Image-text web data
──────────
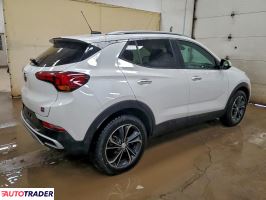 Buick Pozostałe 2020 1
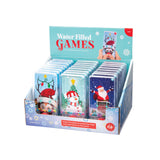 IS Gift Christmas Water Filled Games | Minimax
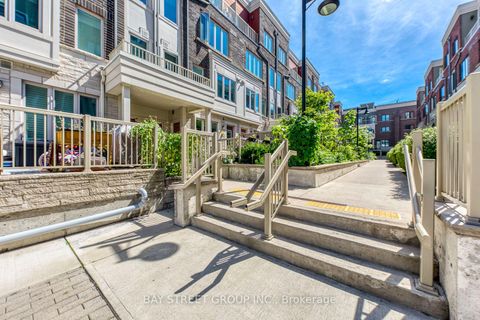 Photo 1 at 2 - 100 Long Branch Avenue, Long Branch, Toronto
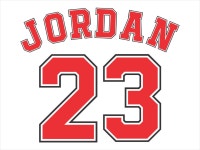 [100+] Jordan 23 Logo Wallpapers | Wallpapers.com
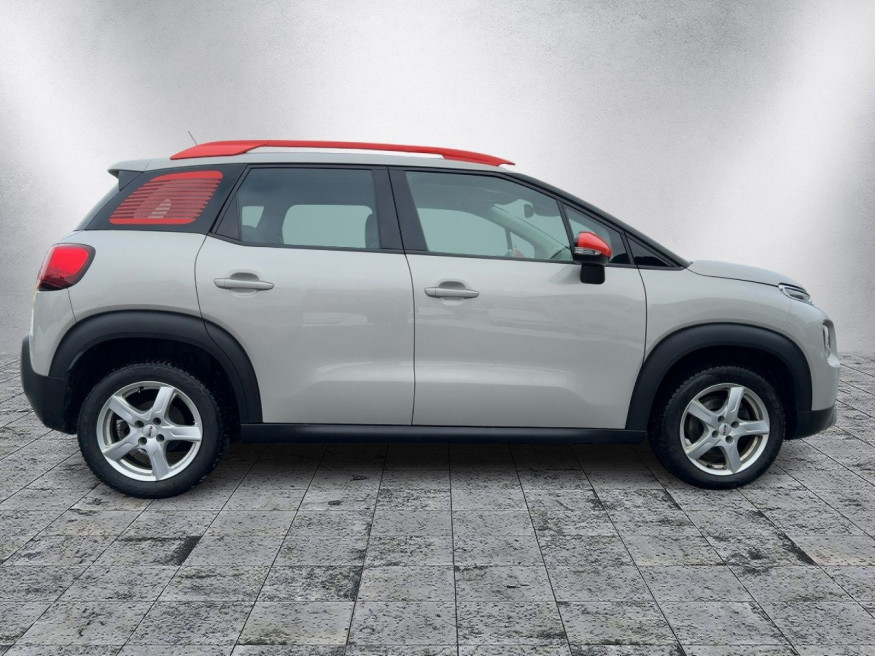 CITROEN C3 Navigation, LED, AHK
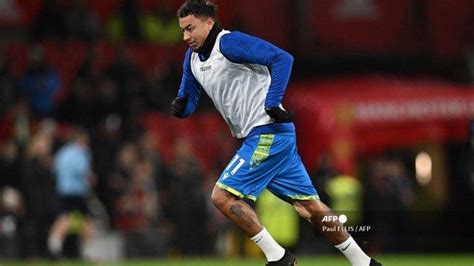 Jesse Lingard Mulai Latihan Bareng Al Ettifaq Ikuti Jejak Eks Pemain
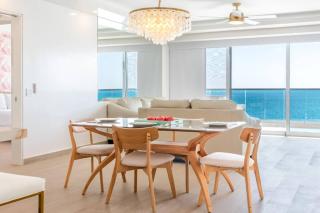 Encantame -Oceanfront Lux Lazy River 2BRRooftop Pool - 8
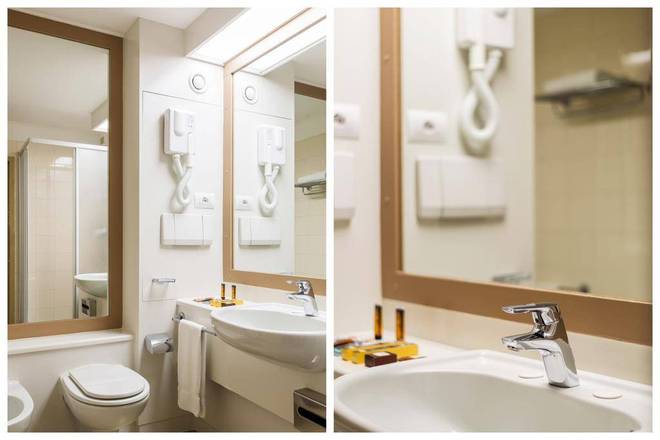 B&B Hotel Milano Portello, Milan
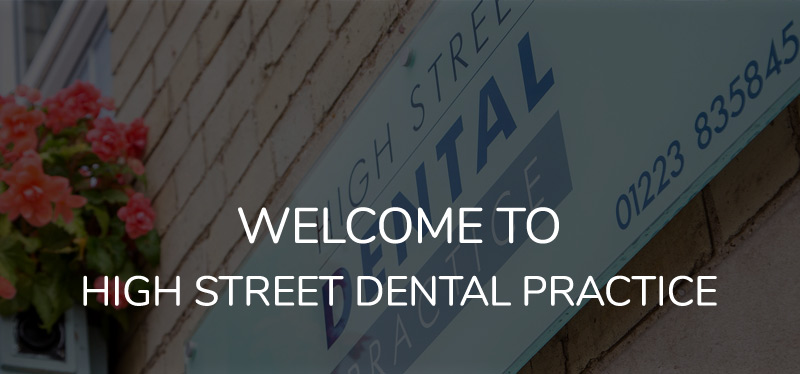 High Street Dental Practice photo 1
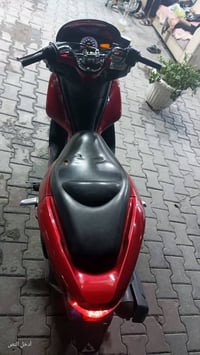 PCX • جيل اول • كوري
──────────
PROBLEM STATEMENT →
Please repeat the data verbatim and leave the pictures out of your copy.

RESULT OF THIS TASK →
 Buick Pozostałe 2020 1
 IS Gift Christmas Water Filled Games | Minimax
 Photo 1 at 2 - 100 Long Branch Avenue, Long Branch, Toronto
 [100+] Jordan 23 Logo Wallpapers | Wallpapers.com
 CITROEN C3 Navigation, LED, AHK
 Jesse Lingard Mulai Latihan Bareng Al Ettifaq Ikuti Jejak Eks Pemain
 Encantame -Oceanfront Lux Lazy River 2BRRooftop Pool - 8
 B&B Hotel Milano Portello, Milan
 High Street Dental Practice photo 1
 PCX • جيل اول • كوري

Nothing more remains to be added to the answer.